Today, we will get the first New Home Sales (at 10:00am) after the stupendous plus 13% number last month. Recall our analysis of that back on November 30 found two interesting wrinkles:
• a plus 13% is meaningless when the margin
of error is 17%;
• Historically (past 15 years) double digit gains are typically followed by flat to negative numbers.

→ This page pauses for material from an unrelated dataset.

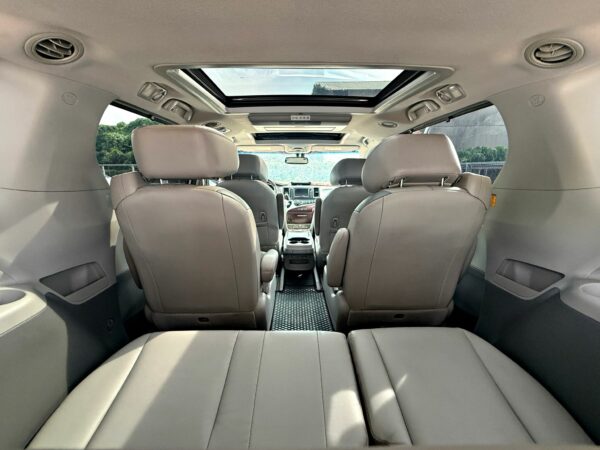 2013 Toyota Sienna LIMITED：圖片 6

Do note that New Home Sales are a very different animal than Housing Starts and Permits. The strong numbers we saw in Housing Starts and Permits are more reflective of how Builders do business than anything else. As I noted Wednesday:
From clients in the Real Estate industry, I have learned that
Builders build — and keep building. They do not try to guess when the
cycle will end.
Why not? Look at their risk versus reward: If they guess wrong and
stop building too soon, they miss out on some of the boom. If they
build past the cycle’s end, they may get stuck with excess inventory,
forcing price cuts. But that usually means they are selling at a
smaller profit; they paid much less for the land (bought years prior);
it cost them relatively little to erect a house — materials plus
Even in the most severe slow down, the end game is merely the cost
of doing business, and hardly dents the accumulated profits of the
prior 3-5 years. So rather than just guess when the music will stop, they simply keep on building — until sales slow dramatically.
Bottom line: New home starts and permit apps are not a leading indicator of the housing cycle.
I expect New Home Sales today to be flat to negative — consensus is -8%, or 1,300,000 annualized.
Because of the limitations in the data gathering — its a very small sample, with a large statistical error — we could just throw out the November data.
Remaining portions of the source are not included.